§ REQUIRED WORK
Write out the data below exactly, beginning with the first line and ending once the line that has "SANWA 34mm/1.34in Small" is written.

BEGIN

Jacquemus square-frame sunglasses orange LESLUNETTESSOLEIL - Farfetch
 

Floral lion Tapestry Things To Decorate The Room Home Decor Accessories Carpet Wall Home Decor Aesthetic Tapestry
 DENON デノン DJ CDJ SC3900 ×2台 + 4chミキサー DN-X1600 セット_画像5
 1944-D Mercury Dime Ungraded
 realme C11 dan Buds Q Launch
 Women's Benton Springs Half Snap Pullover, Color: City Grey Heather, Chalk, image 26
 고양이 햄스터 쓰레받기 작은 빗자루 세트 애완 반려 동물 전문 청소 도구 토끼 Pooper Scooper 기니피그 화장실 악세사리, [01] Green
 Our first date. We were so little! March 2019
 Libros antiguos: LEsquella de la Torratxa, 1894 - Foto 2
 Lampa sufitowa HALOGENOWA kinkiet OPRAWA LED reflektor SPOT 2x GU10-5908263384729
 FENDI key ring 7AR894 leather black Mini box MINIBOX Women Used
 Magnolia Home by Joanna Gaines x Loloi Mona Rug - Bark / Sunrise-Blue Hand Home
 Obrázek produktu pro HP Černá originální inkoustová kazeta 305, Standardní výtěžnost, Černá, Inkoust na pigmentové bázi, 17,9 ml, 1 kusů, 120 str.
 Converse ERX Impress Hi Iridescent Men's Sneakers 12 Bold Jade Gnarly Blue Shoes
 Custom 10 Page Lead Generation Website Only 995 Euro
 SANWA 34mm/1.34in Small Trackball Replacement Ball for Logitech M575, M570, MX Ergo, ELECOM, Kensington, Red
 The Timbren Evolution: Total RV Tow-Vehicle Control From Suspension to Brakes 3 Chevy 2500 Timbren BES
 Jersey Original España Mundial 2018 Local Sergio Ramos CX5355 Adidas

END

§ TASK OUTPUT
Jacquemus square-frame sunglasses orange LESLUNETTESSOLEIL - Farfetch
 

Floral lion Tapestry Things To Decorate The Room Home Decor Accessories Carpet Wall Home Decor Aesthetic Tapestry
 DENON デノン DJ CDJ SC3900 ×2台 + 4chミキサー DN-X1600 セット_画像5
 1944-D Mercury Dime Ungraded
 realme C11 dan Buds Q Launch
 Women's Benton Springs Half Snap Pullover, Color: City Grey Heather, Chalk, image 26
 고양이 햄스터 쓰레받기 작은 빗자루 세트 애완 반려 동물 전문 청소 도구 토끼 Pooper Scooper 기니피그 화장실 악세사리, [01] Green
 Our first date. We were so little! March 2019
 Libros antiguos: LEsquella de la Torratxa, 1894 - Foto 2
 Lampa sufitowa HALOGENOWA kinkiet OPRAWA LED reflektor SPOT 2x GU10-5908263384729
 FENDI key ring 7AR894 leather black Mini box MINIBOX Women Used
 Magnolia Home by Joanna Gaines x Loloi Mona Rug - Bark / Sunrise-Blue Hand Home
 Obrázek produktu pro HP Černá originální inkoustová kazeta 305, Standardní výtěžnost, Černá, Inkoust na pigmentové bázi, 17,9 ml, 1 kusů, 120 str.
 Converse ERX Impress Hi Iridescent Men's Sneakers 12 Bold Jade Gnarly Blue Shoes
 Custom 10 Page Lead Generation Website Only 995 Euro
 SANWA 34mm/1.34in Small Trackball Replacement Ball for Logitech M575, M570, MX Ergo, ELECOM, Kensington, Red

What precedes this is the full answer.